Saags is the most common brand you’ll see, but you may come across New York City’s Schaller & Weber, Milwaukee’s Usinger’s, and one or two others.

Sadly, the East Bay’s own Saags was purchased by Hormel in 2006. Though the facility has kept up small-batch, traditional production and continues to turn out respectable wurst, I fear that won’t last forever.

Spectacular German sausage requires a drive to in Mountain View, where they make almost every meat product they sell. It’s worth the trip — but be advised that Dittmer’s is temporarily closed due to a fire, so check before you schlep down there.

If you decide to duplicate this meal for your next patio party, you’ll need a few other things.

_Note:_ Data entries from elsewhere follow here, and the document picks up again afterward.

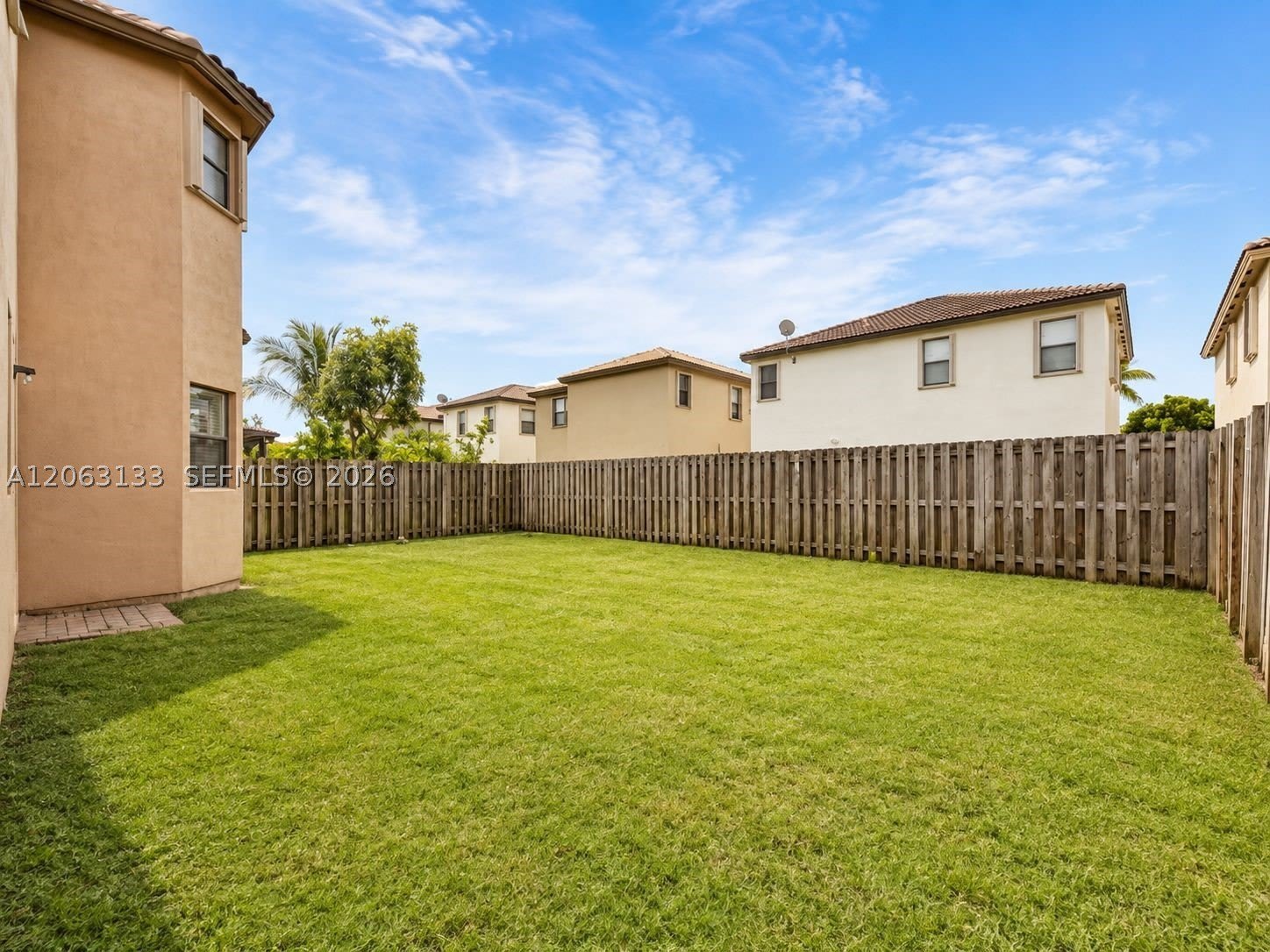 24226 SW 113th Psge – photo 2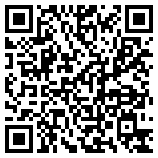 QR Code for KM Contractors in Eads, TN 38028
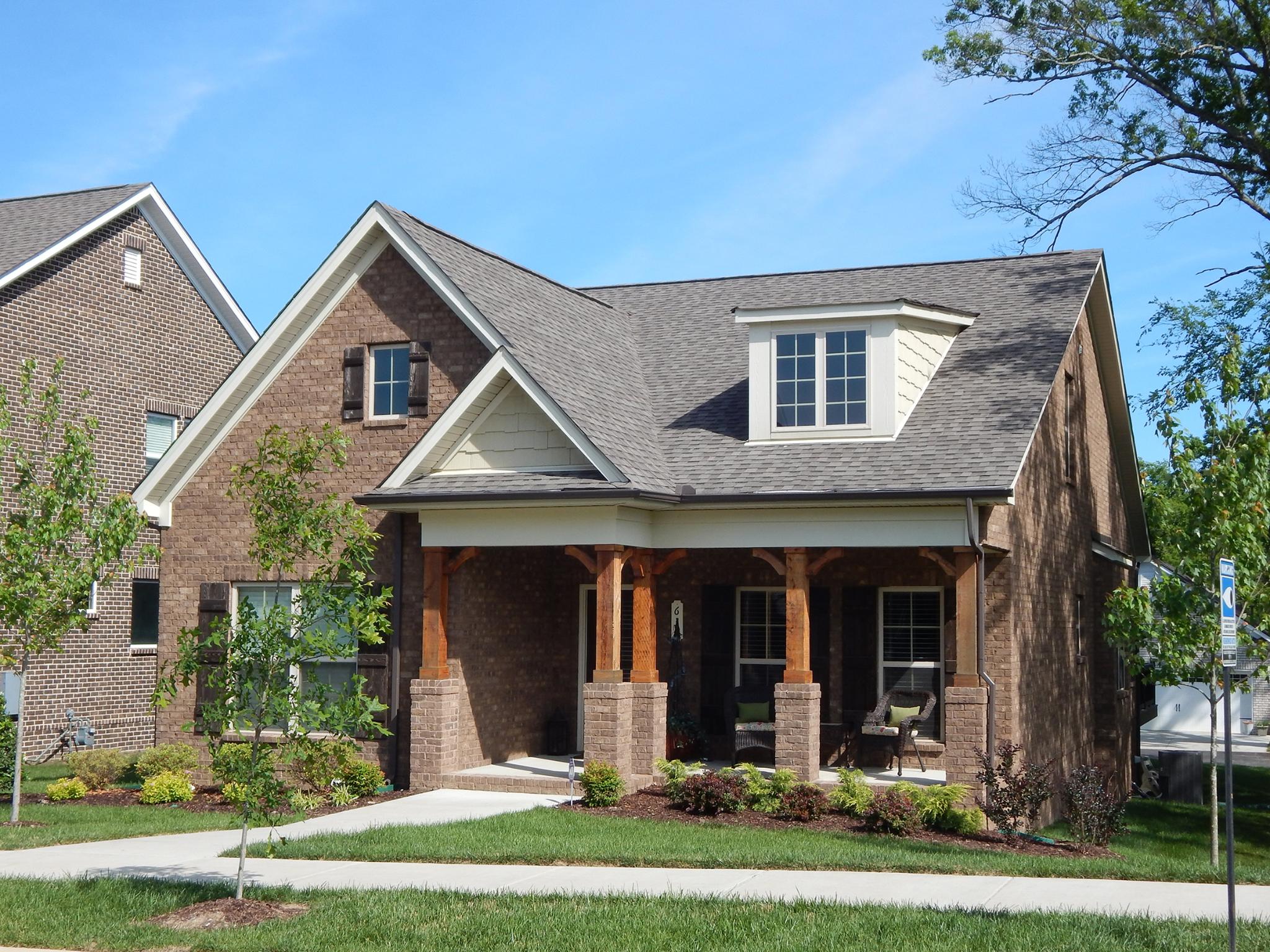 Photo Gallery Regent Homes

Offer a selection of mustards. Pick up sweet Senf for milder, white sausages, something sharp for the bratwürste, and a basic Dijon. Sauerkraut is a must — and it should be heated. The Junket can hook you up with imported mustards and kraut.

If you bump into a bottle of imported curry ketchup, bring that home, too.

The consensus among the people I’ve fed is that toasted, cheapo hot dog buns allow the sausages to shine more than whole wheat or facier rolls.

Here are some suggestions, but keep in mind that wurst varies by region, and that U.S. products may vary considerably from their German counterparts. All sausages listed are pre-cooked and should have natural casings.

Bavarian Bratwurst   Mild, usually coarse, pork sausages with marjoram, ground coriander seeds and sometimes a little nutmeg. This is my mom’s childhood Marktplatz Bratwurst, and they’re often simply called “German-style bratwurst” here.

Nürnberger Bratwurst   Small, thin, coarse pork sausages with plenty of marjoram and sometimes a hint of cardamom. Brown them well.

Smoked Bratwurst   Large, smoky and spicy — often of beef and pork. If you like Polish kielbasa, you’ll like these.

Bockwurst   Stateside, ockwurst is similar to Weißwurst (or weisswurst) — white sausage — and generally made of very finely ground veal and pork, parsley, green onion, white pepper and a hint of clove or mace. Traditionally poached to keep them intact for optimal snap and juiciness, I nevertheless grill them — very gently using the indirect method and low heat — as my mother stands by having a kanipshen.

If you don’t eat veal, substitute all-pork bangers for bockwurst.

Knackwurst   Often called “knockwurst” in our land, they’re very plump, well-seasoned, lightly-smoked pork and beef or pork and veal hot dogs that come short and long. Knackwurst can be garlic-heavy — though these may be called “garlic sausages.”

The natural casing snaps big time when you take a bite — thus the reference to the German verb knacken, “to crack” — so grill like bockwurst.

Ringwurst   A chubby ring of Fleischwurst, or German bologna, upwards of a pound and made with some combination of very finely ground beef, pork or veal. Generally mild, these rings are sometimes garlicky. Grill whole and cut into thick slices.

Guten Appetit!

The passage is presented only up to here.